▶ _WHAT YOU NEED TO DO_
Once you reach the line with "Retro USA Tank", transcribe it and every line after it to the end of the records, exactly, but not the pictures.

▶ _MATERIALS PROVIDED_
⁂
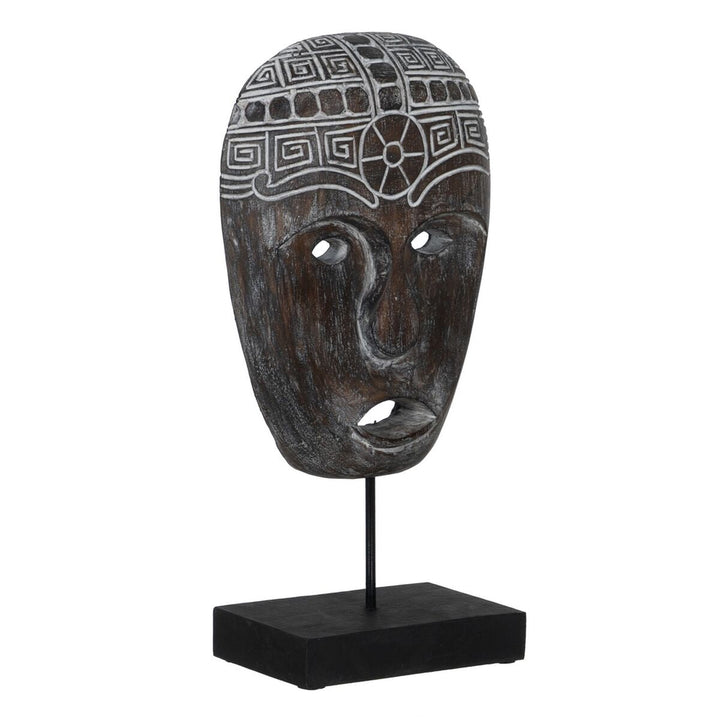 Decorative Figure Brown Mask 24 x 12 x 46 cm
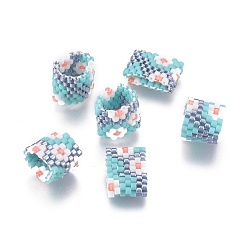 Бледно-бирюзовый Японский бисер miyuki & toho ручной работы, Ткацкий станок, кольцо, бледные бирюзовая, 14~15x9.5~10x3.5~4 мм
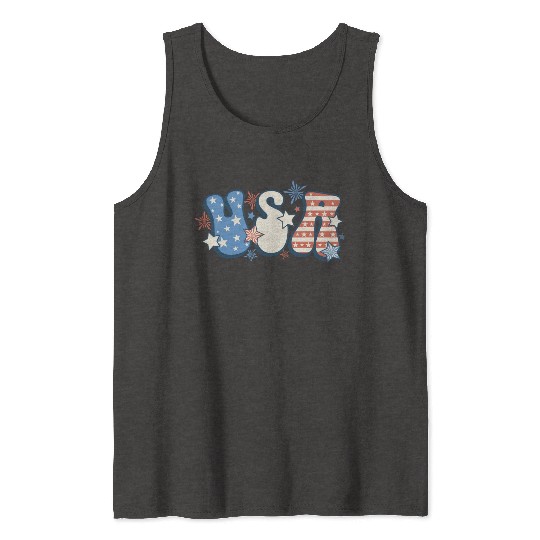 Retro USA Tank Tops, Funny Fourth of July 2022, 4th of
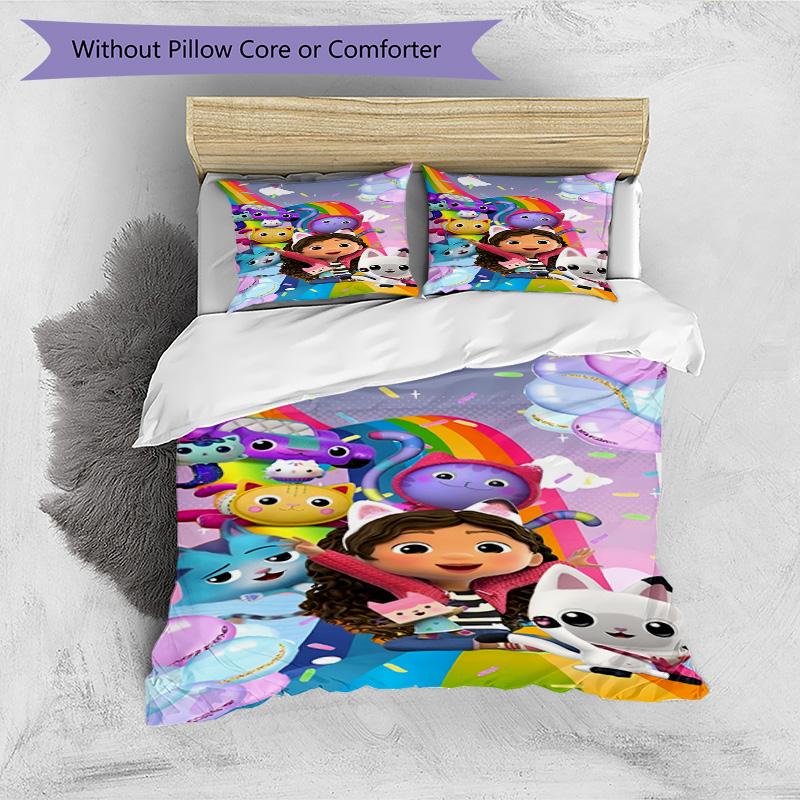 3pcs Duvet Cover Set (1*Duvet Cover + 2*Pillowcase, Without Core), Gabby's Dollhouse Print Bedding Set, Bedroom Decor, All‑Season, Birthday Gift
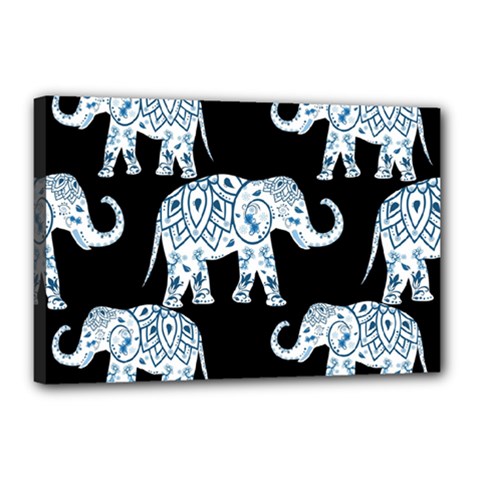 Elephant-pattern-background Canvas 18  X 12  (stretched) by Sobalvarro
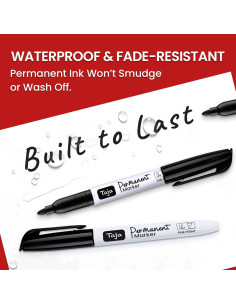 Marcadores Permanentes Taja 30 Unidades Punta Fina Negro 2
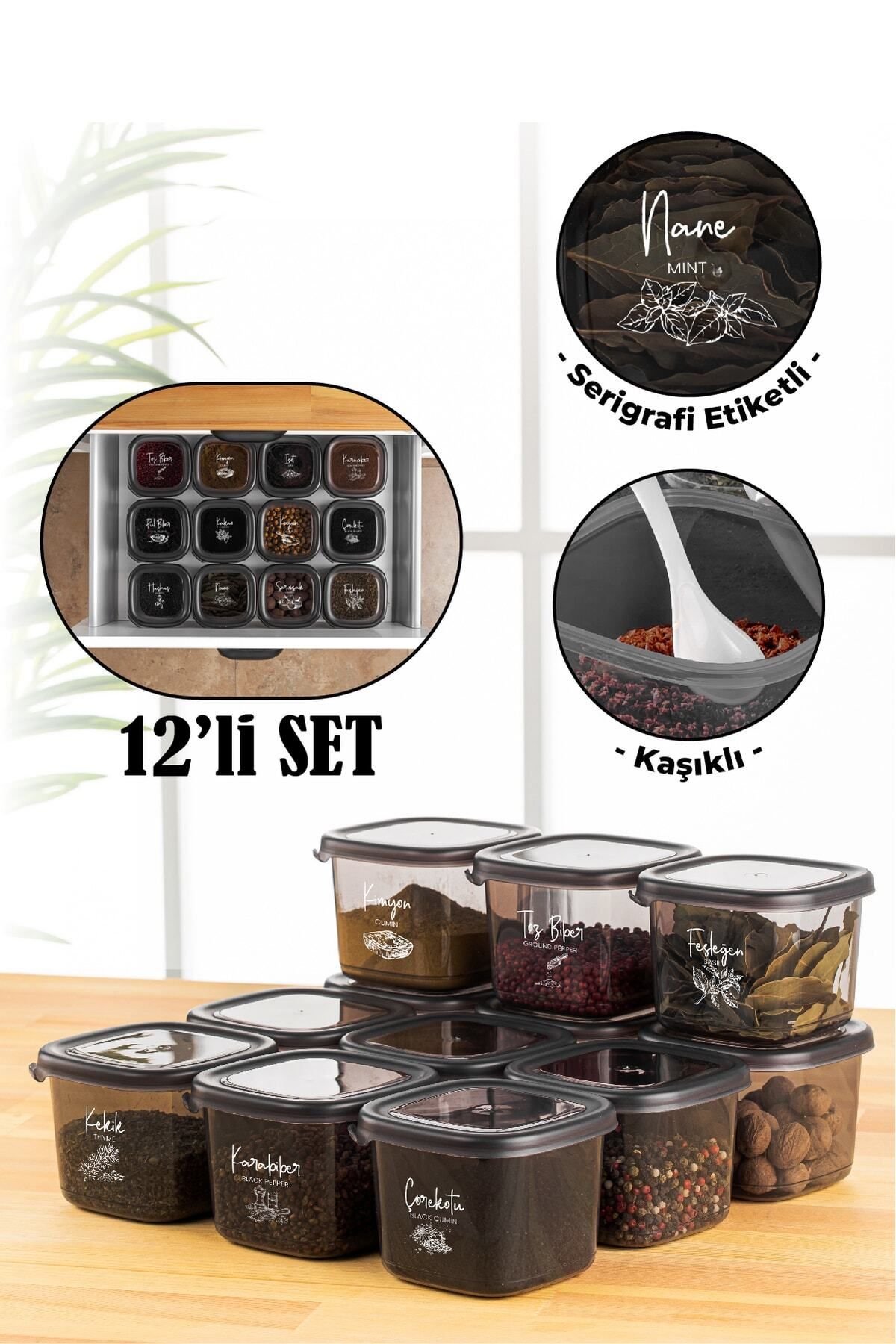Beyaz Serigrafi Etiketli Kaşıklı 12li Peggy Erzak Saklama Kabı 0,55 Litre Baharatlık Antrasit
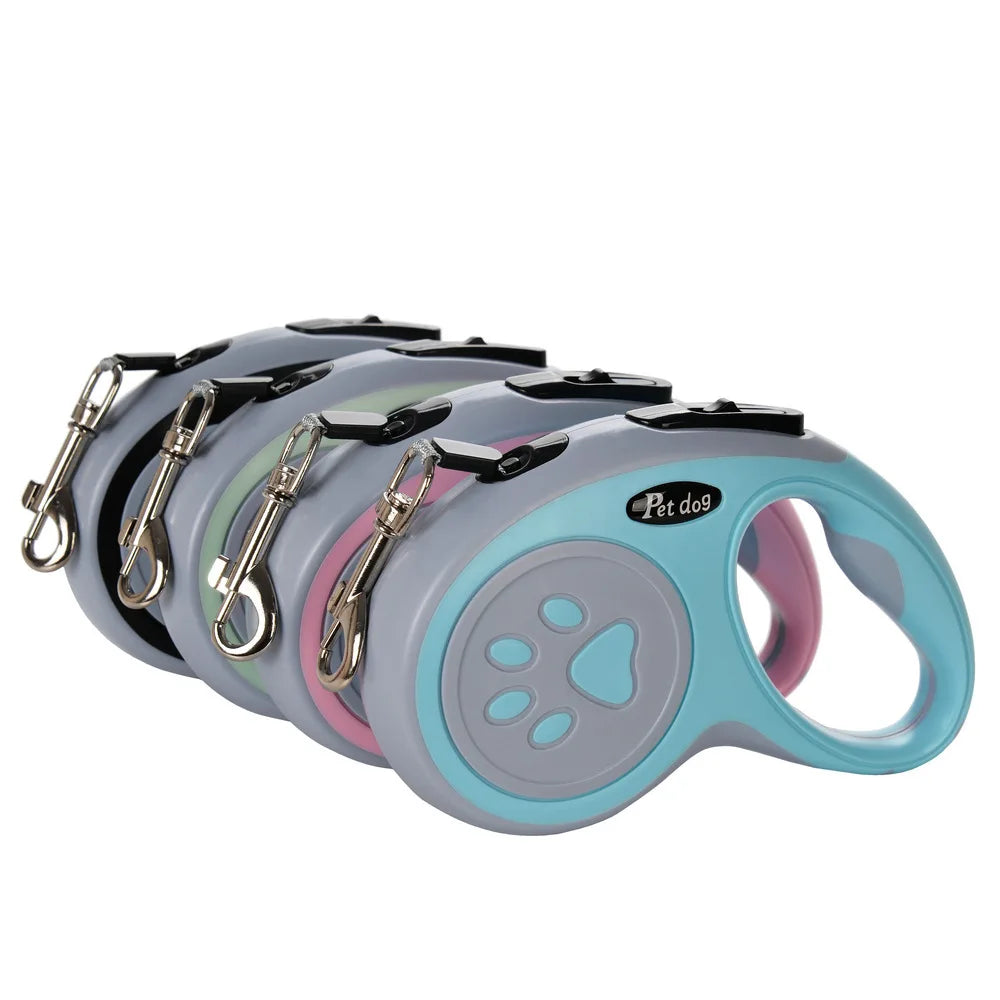 Automatic Retractable Pet Leash – Bone Paw Print Telescopic Dog Lead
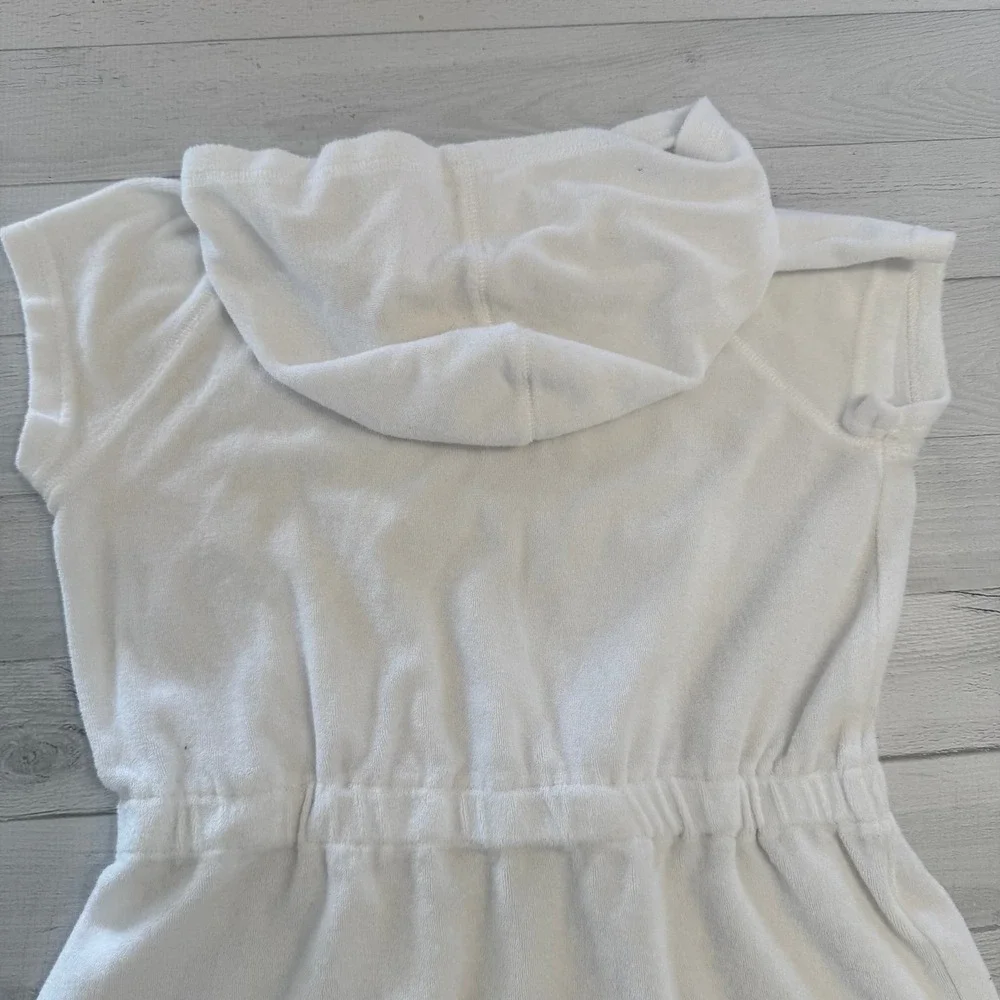 Hanna Andersson girls‎ white toweling hoodie dress 140/10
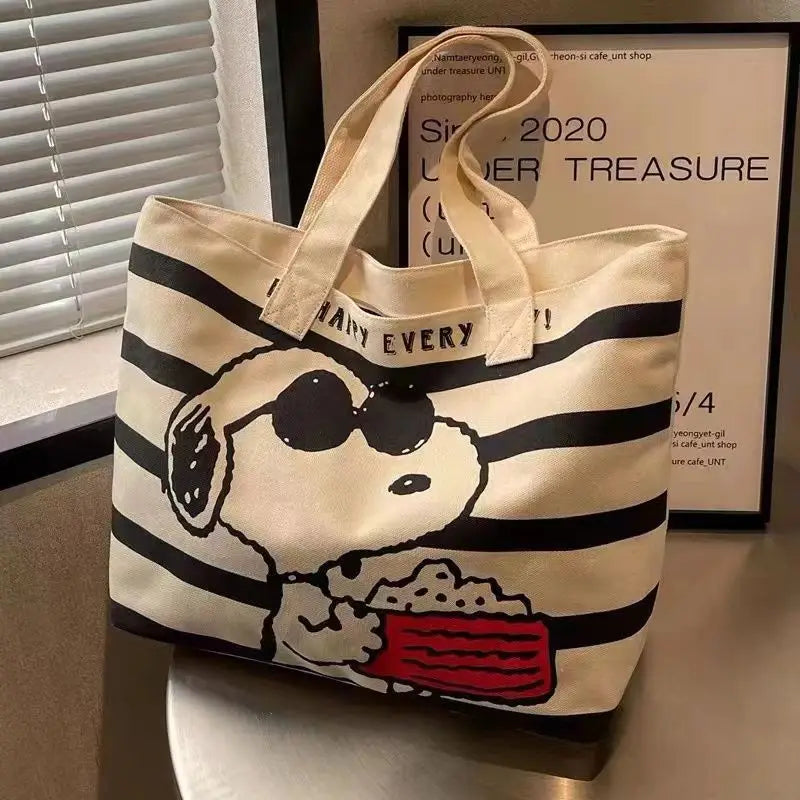 Snoopy's Summer Vibes Large Canvas Tote Bag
⁂
▶ _ANSWER FOR THIS EXERCISE_
 Retro USA Tank Tops, Funny Fourth of July 2022, 4th of
 3pcs Duvet Cover Set (1*Duvet Cover + 2*Pillowcase, Without Core), Gabby's Dollhouse Print Bedding Set, Bedroom Decor, All‑Season, Birthday Gift
 Elephant-pattern-background Canvas 18  X 12  (stretched) by Sobalvarro
 Marcadores Permanentes Taja 30 Unidades Punta Fina Negro 2
Beyaz Serigrafi Etiketli Kaşıklı 12li Peggy Erzak Saklama Kabı 0,55 Litre Baharatlık Antrasit
 Automatic Retractable Pet Leash – Bone Paw Print Telescopic Dog Lead
 Hanna Andersson girls‎ white toweling hoodie dress 140/10
 Snoopy's Summer Vibes Large Canvas Tote Bag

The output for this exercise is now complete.